Cumhuriyetin bir manası da...
Bilmeyeni, düşünmeyeni, aklına getirmeyeni, unutanı elbette çok. Okul, tahsil, okuryazarlık, mahkemede asgari adalet, zor zamanda bir doktor eli, kişiliğe biraz saygı zarureti, kadının, çocuğun hepten hırpalanmama ihtimali; Hatta, en alttan, en dıştan, en kenardan sıyrılıp iktidar bile olabilme imkanı "Cumhuriyet" sayesinde. "Devlet elini çeksin" diye yırtınanların çoğunun öğrenimi, meslek ve iş görgüsü, hatta sermayesi ve kiminin yağması da "Cumhuriyet devleti" sayesinde. Tüm olumsuzluklar bir yana; hepsinin, hepimizin böyle bir şükranlık hissine kalbimiz ve aklımız açık olmalı.

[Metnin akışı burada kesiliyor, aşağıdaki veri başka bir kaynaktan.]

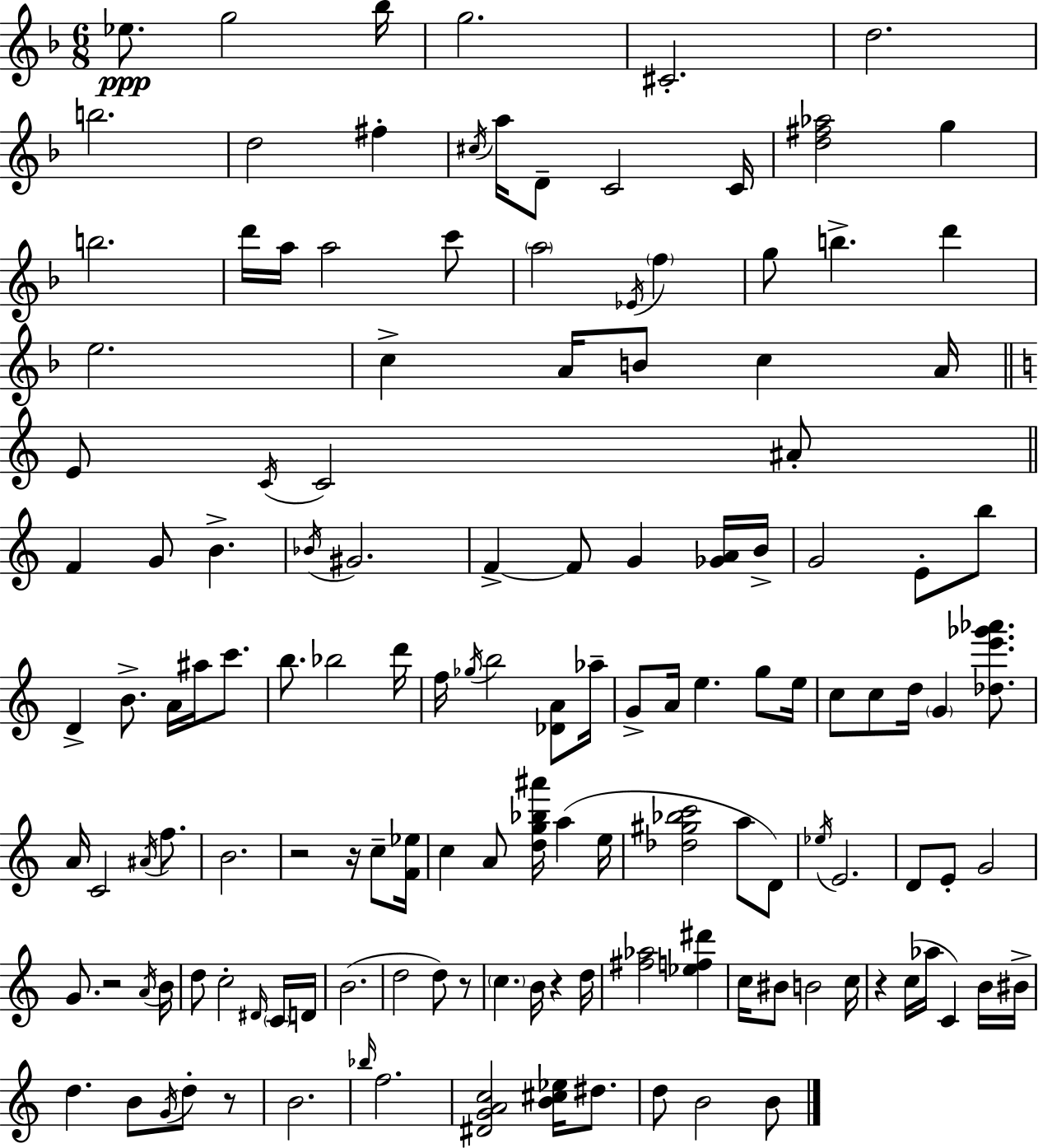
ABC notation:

X:1
T:Untitled
M:6/8
L:1/4
K:F
_e/2 g2 _b/4 g2 ^C2 d2 b2 d2 ^f ^c/4 a/4 D/2 C2 C/4 [d^f_a]2 g b2 d'/4 a/4 a2 c'/2 a2 _E/4 f g/2 b d' e2 c A/4 B/2 c A/4 E/2 C/4 C2 ^A/2 F G/2 B _B/4 ^G2 F F/2 G [_GA]/4 B/4 G2 E/2 b/2 D B/2 A/4 ^a/4 c'/2 b/2 _b2 d'/4 f/4 _g/4 b2 [_DA]/2 _a/4 G/2 A/4 e g/2 e/4 c/2 c/2 d/4 G [_de'_g'_a']/2 A/4 C2 ^A/4 f/2 B2 z2 z/4 c/2 [F_e]/4 c A/2 [dg_b^a']/4 a e/4 [_d^g_bc']2 a/2 D/2 _e/4 E2 D/2 E/2 G2 G/2 z2 A/4 B/4 d/2 c2 ^D/4 C/4 D/4 B2 d2 d/2 z/2 c B/4 z d/4 [^f_a]2 [_ef^d'] c/4 ^B/2 B2 c/4 z c/4 _a/4 C B/4 ^B/4 d B/2 G/4 d/2 z/2 B2 _b/4 f2 [^DGAc]2 [B^c_e]/4 ^d/2 d/2 B2 B/2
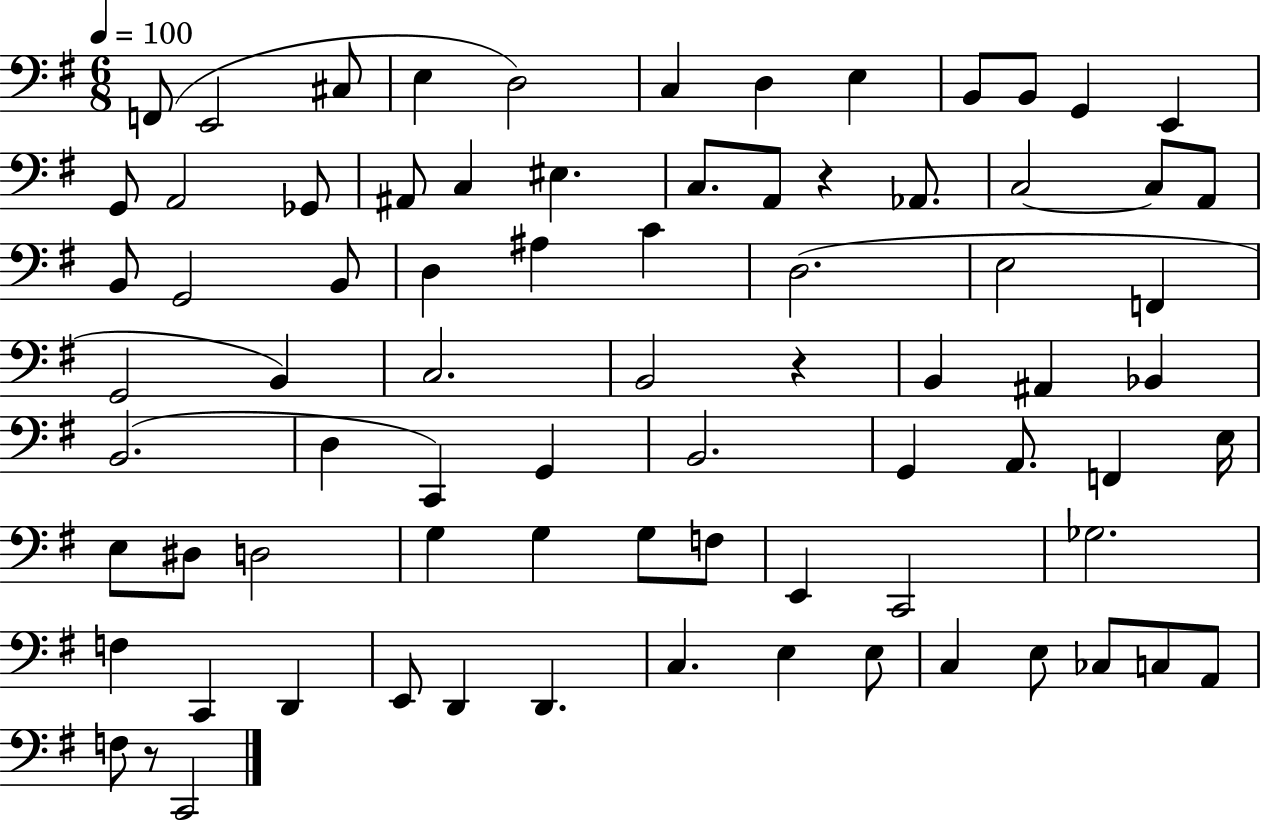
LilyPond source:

{
  \clef bass
  \numericTimeSignature
  \time 6/8
  \key g \major
  \tempo 4 = 100
  \repeat volta 2 { f,8( e,2 cis8 | e4 d2) | c4 d4 e4 | b,8 b,8 g,4 e,4 | \break g,8 a,2 ges,8 | ais,8 c4 eis4. | c8. a,8 r4 aes,8. | c2~~ c8 a,8 | \break b,8 g,2 b,8 | d4 ais4 c'4 | d2.( | e2 f,4 | \break g,2 b,4) | c2. | b,2 r4 | b,4 ais,4 bes,4 | \break b,2.( | d4 c,4) g,4 | b,2. | g,4 a,8. f,4 e16 | \break e8 dis8 d2 | g4 g4 g8 f8 | e,4 c,2 | ges2. | \break f4 c,4 d,4 | e,8 d,4 d,4. | c4. e4 e8 | c4 e8 ces8 c8 a,8 | \break f8 r8 c,2 | } \bar "|."
}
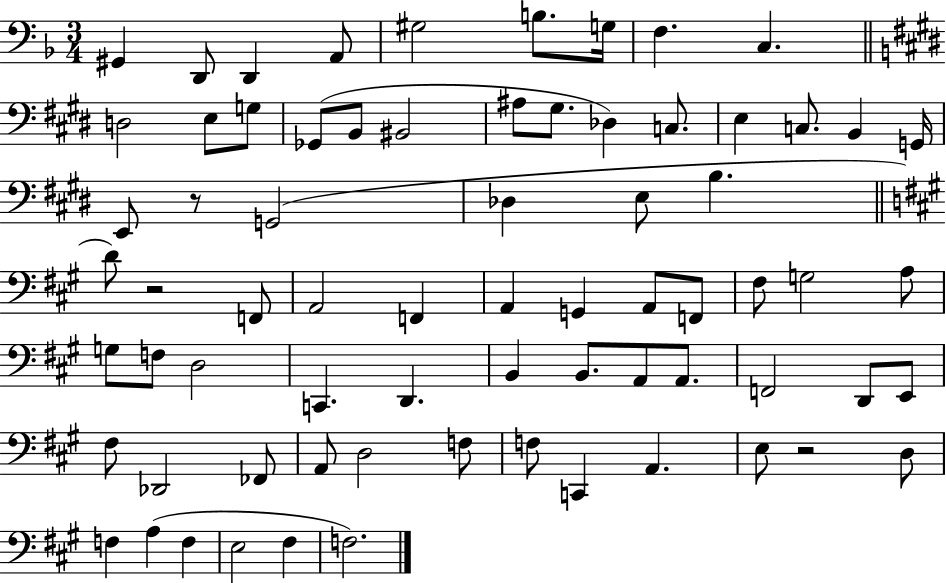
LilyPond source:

{
  \clef bass
  \numericTimeSignature
  \time 3/4
  \key f \major
  gis,4 d,8 d,4 a,8 | gis2 b8. g16 | f4. c4. | \bar "||" \break \key e \major d2 e8 g8 | ges,8( b,8 bis,2 | ais8 gis8. des4) c8. | e4 c8. b,4 g,16 | \break e,8 r8 g,2( | des4 e8 b4. | \bar "||" \break \key a \major d'8) r2 f,8 | a,2 f,4 | a,4 g,4 a,8 f,8 | fis8 g2 a8 | \break g8 f8 d2 | c,4. d,4. | b,4 b,8. a,8 a,8. | f,2 d,8 e,8 | \break fis8 des,2 fes,8 | a,8 d2 f8 | f8 c,4 a,4. | e8 r2 d8 | \break f4 a4( f4 | e2 fis4 | f2.) | \bar "|."
}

Lakin; Tören, minnet, hitabet, kudret, kuvvet, hamaset gösterisi ve huşuu içinde, hep unutturulan bir "cumhuriyet" de var. Kavramın, idealin özündeki tarihi, felsefi, insani ve devrimci mana. "Cumhuriyet" in esas hassasının, "Tahakküme karşı çıkmak" olması. Tahakkümün, zümre hakimiyetlerinin, imtiyazların reddi; İnsanın; sınıfı, rengi, dini, inancı, inançsızlığı, soyu, sopu, kökeni, ırkı, statüsü, makamı, rütbesi, forması, üniforması, takım elbisesi, dili, şivesi, tipi, kültürü yüzünden ezilmesine yahut onlarla başkasını aşağılamasına, ezmesine "isyan hali" dir cumhuriyet. "Cumhuriyet" in bu manada "cumhuriyetçi" olup olmadığını az düşünün. En baba "Cumhuriyet'çiler" in kimisi; zerre "cumhuriyetçi" olmadan yılları deviren bir ikiyüzlülüğün, tahakküme direniş bir yana, irili, ufaklı her iktidar ve güç ortamında tahakküm savunan ve uygulayan "büyük yalan" ın temsilcileri oldu. Sivil yahut asker. Okulda, üniversitede yahut iş dünyasında, kışlada veya siyasetin ortasında, zirvesinde.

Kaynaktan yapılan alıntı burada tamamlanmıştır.